Run reporting rate models to assess the change in species occurrence over time.
Usage
reportingRateModel(
taxa,
site,
time_period,
list_length = FALSE,
site_effect = FALSE,
species_to_include = unique(taxa),
overdispersion = FALSE,
verbose = FALSE,
family = "Binomial",
print_progress = FALSE
)
Arguments
- taxa
A character vector of taxon names, as long as the number of observations.
- site
A character vector of site names, as long as the number of observations.
- time_period
A numeric vector of user defined time periods, or a date vector, as long as the number of observations.
- list_length
Logical, if
TRUE
then list length is added to the models as a fixed effect. Note that since list_length is a property of each visit the model will run as a binomial model rather that as a bernoulli model.- site_effect
Logical, if
TRUE
then site is added to the models as a random effect.- species_to_include
A character vector giving the name of species to model.
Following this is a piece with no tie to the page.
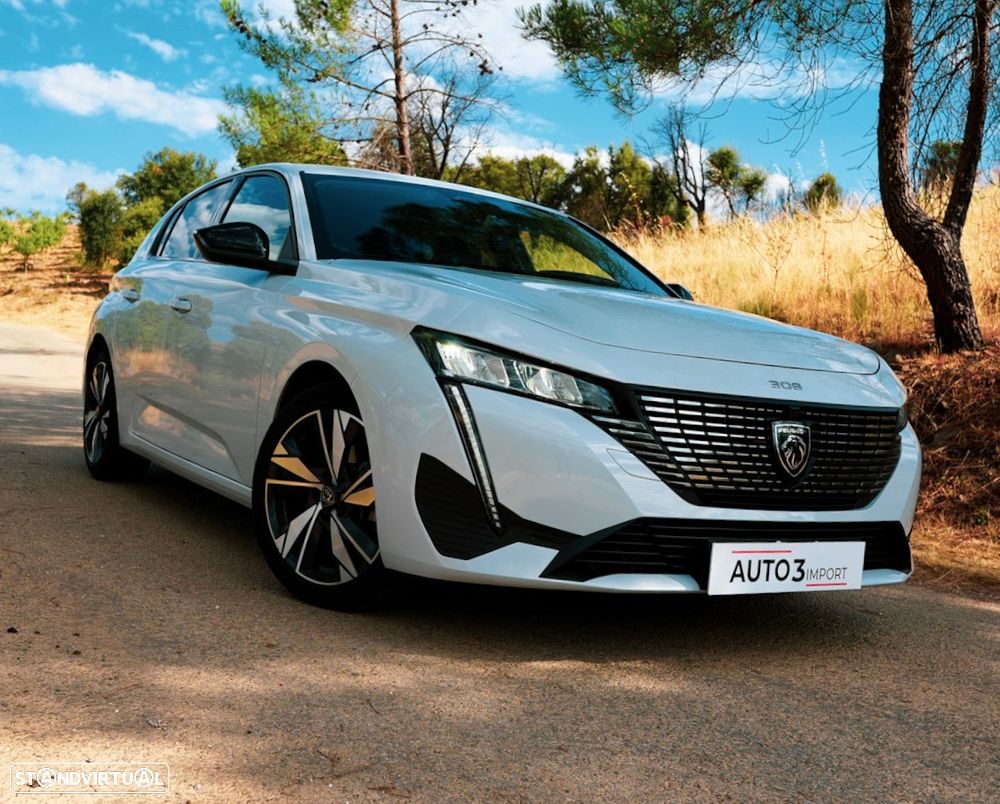 Peugeot 308 CC - 1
By default all species will be modelled
- overdispersion
This option allows modelling overdispersion (
TRUE
) in models. Default isFALSE
.- verbose
This option, if
TRUE
, sets models to verbose, allowing the interations of each model to be viewed.- family
The type of model to be use. Can be
"Binomial"
or"Bernoulli"
. Note the if list_length isTRUE
family defaults to Bernoulli.- print_progress
Logical, if
TRUE
progress is printed to console when running models. Default isTRUE
Value
A dataframe of results are returned to R. Each row gives the results for a
single species, with the species name given in the first column, species_name
.
For each of the following columns the prefix (before ".") gives the covariate and the
sufix (after the ".") gives the parameter of that covariate.
number_observations
gives the number of visits where the species of interest
was observed. If any of the models encountered an error this will be given in the
column error_message
. If model do encounter errors the the values for most
columns will be NA
The data.frame has a number of attributes:
intercept_year
- The year used for the intercept (i.e. the year whose value is set to 0). Setting the intercept to the median year helps to increase model stabilitymin_year
andmax_year
- The earliest and latest year in the dataset (after years have been centered onintercept_year
nVisits
- The total number of visits that were in the datasetmodel_formula
- The model used, this will vary depending on the combination of arguments used
References
Roy, H.E., Adriaens, T., Isaac, N.J.B. et al. (2012) Invasive alien predator causes rapid declines of native European ladybirds. Diversity & Distributions, 18: 717-725.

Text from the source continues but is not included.